> _What to produce_
Retype every line of the data below, starting with the first and ending with the line that contains "قائد ہو تو علامہ", but leave out the pictures.
######
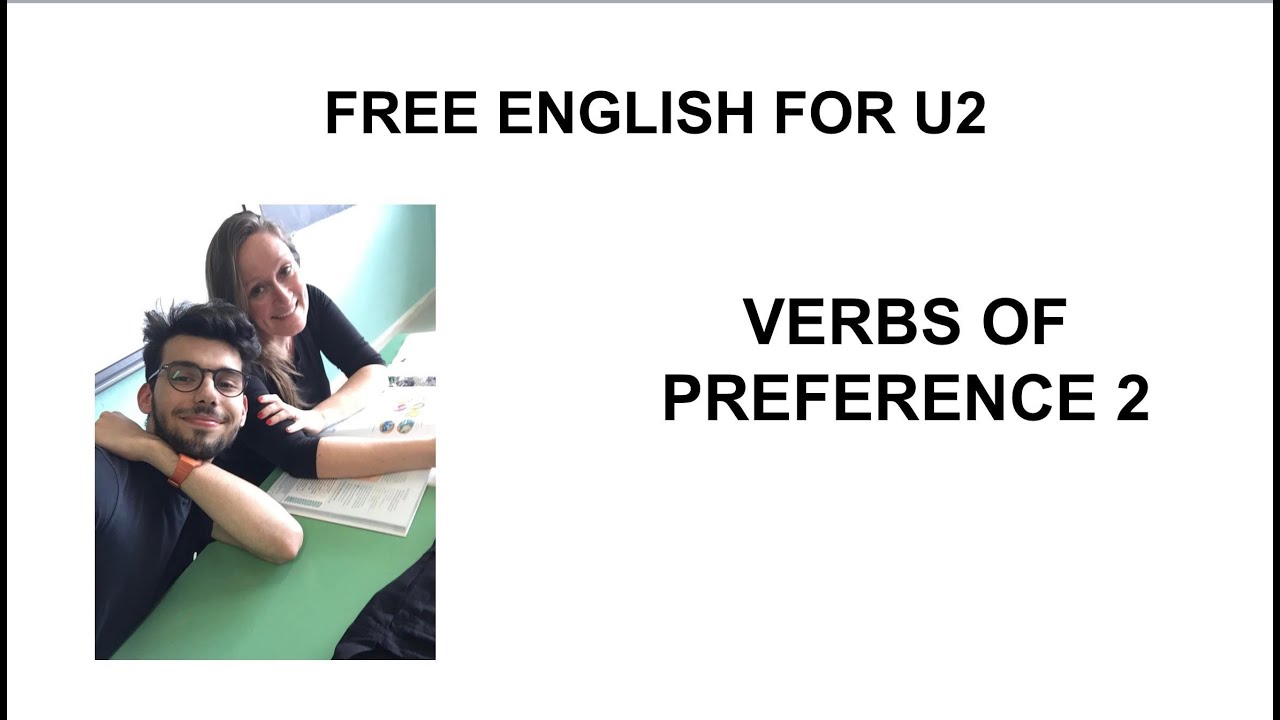 VERBS OF PREFERENCE 2 (International Certifications)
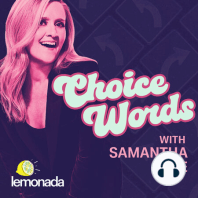 Coming Soon: Choice Words with Samantha Bee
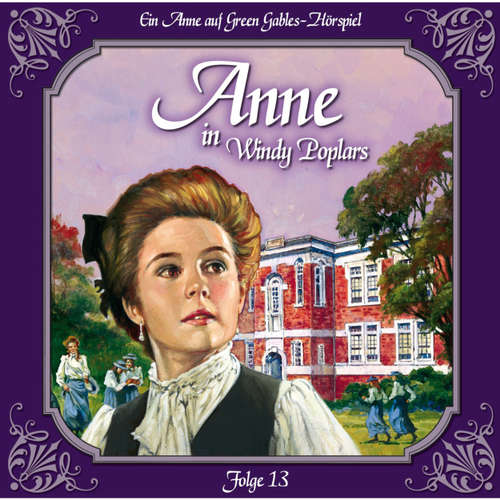 Hoerbuch Anne auf Green Gables, Folge 13: Die neue Rektorin - Lucy Maud Montgomery - Marie Bierstedt Hoerbuch Anne auf Green Gables, Folge 13: Die neue Rektorin - Lucy Maud Montgomery - Marie Bierstedt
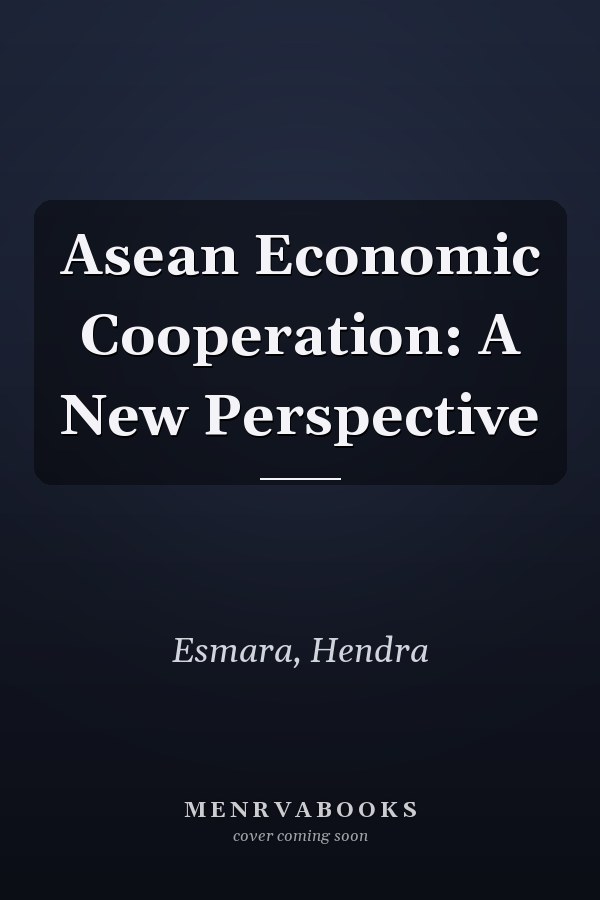 Asean Economic Cooperation: A New Perspective
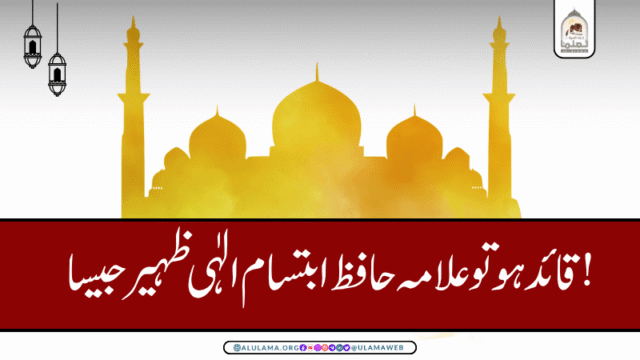 قائد ہو تو علامہ حافظ ابتسام الٰہی ظہیر جیسا!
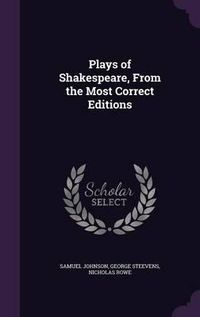 Cover image for Plays of Shakespeare, from the Most Correct Editions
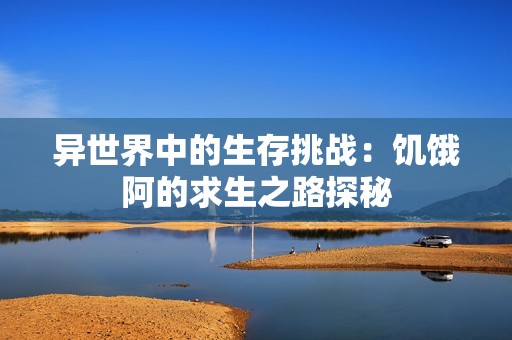 异世界中的生存挑战：饥饿阿的求生之路探秘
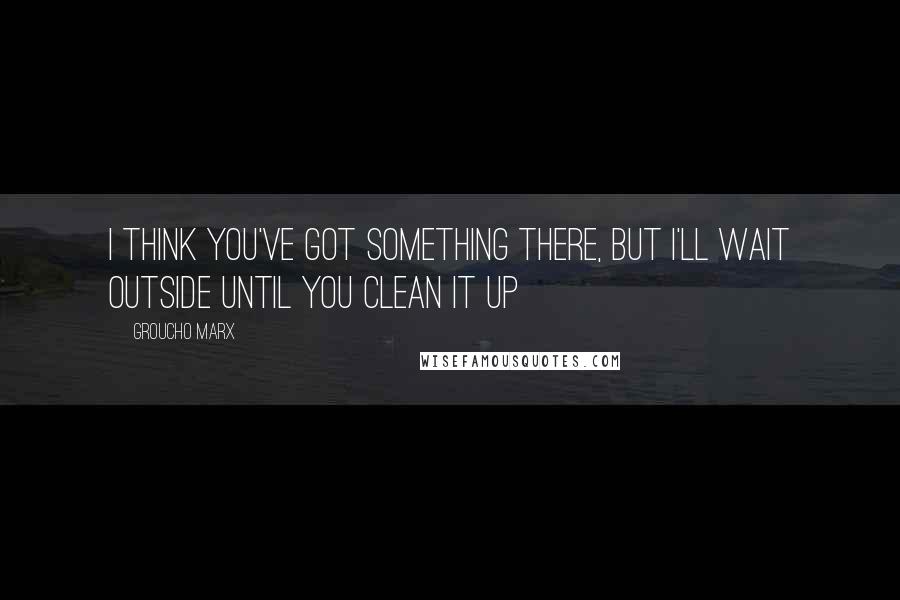 Groucho Marx Quotes: I think you've got something there, but I'll wait outside until you clean it up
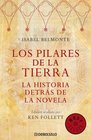Los Pilares de La Tierra/ The Pillars Of The Earth La Historia Detras De La Novela/ the Story Behind the Novel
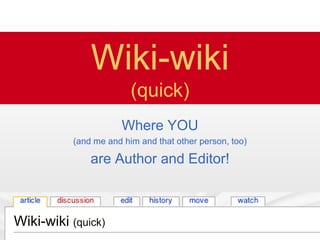 Wiki-wiki
                         (quick)
                       Where YOU
           (and me and him and that other person, too)

               are Author and Editor!



Wiki-wiki (quick)
 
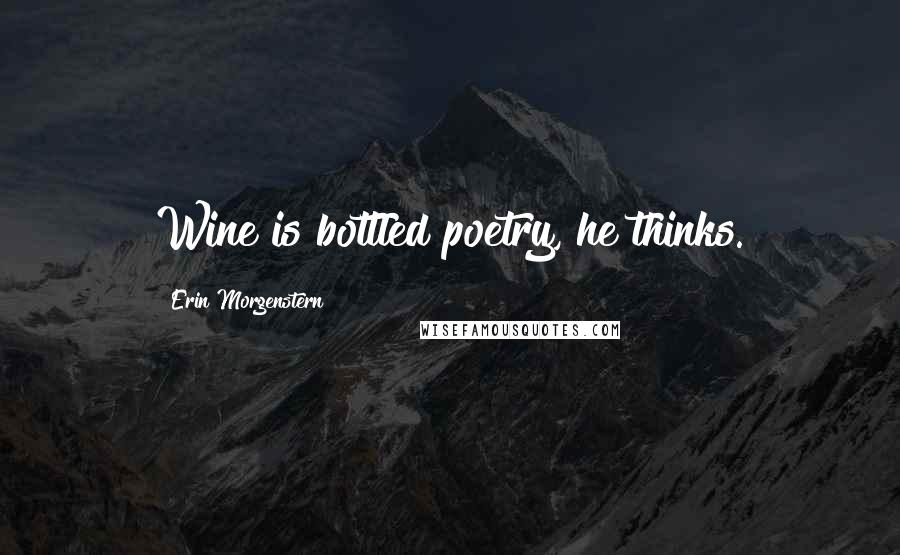 Erin Morgenstern Quotes: Wine is bottled poetry, he thinks.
######
> _Exercise result_
 VERBS OF PREFERENCE 2 (International Certifications)
 Coming Soon: Choice Words with Samantha Bee
 Hoerbuch Anne auf Green Gables, Folge 13: Die neue Rektorin - Lucy Maud Montgomery - Marie Bierstedt Hoerbuch Anne auf Green Gables, Folge 13: Die neue Rektorin - Lucy Maud Montgomery - Marie Bierstedt
 Asean Economic Cooperation: A New Perspective
 قائد ہو تو علامہ حافظ ابتسام الٰہی ظہیر جیسا!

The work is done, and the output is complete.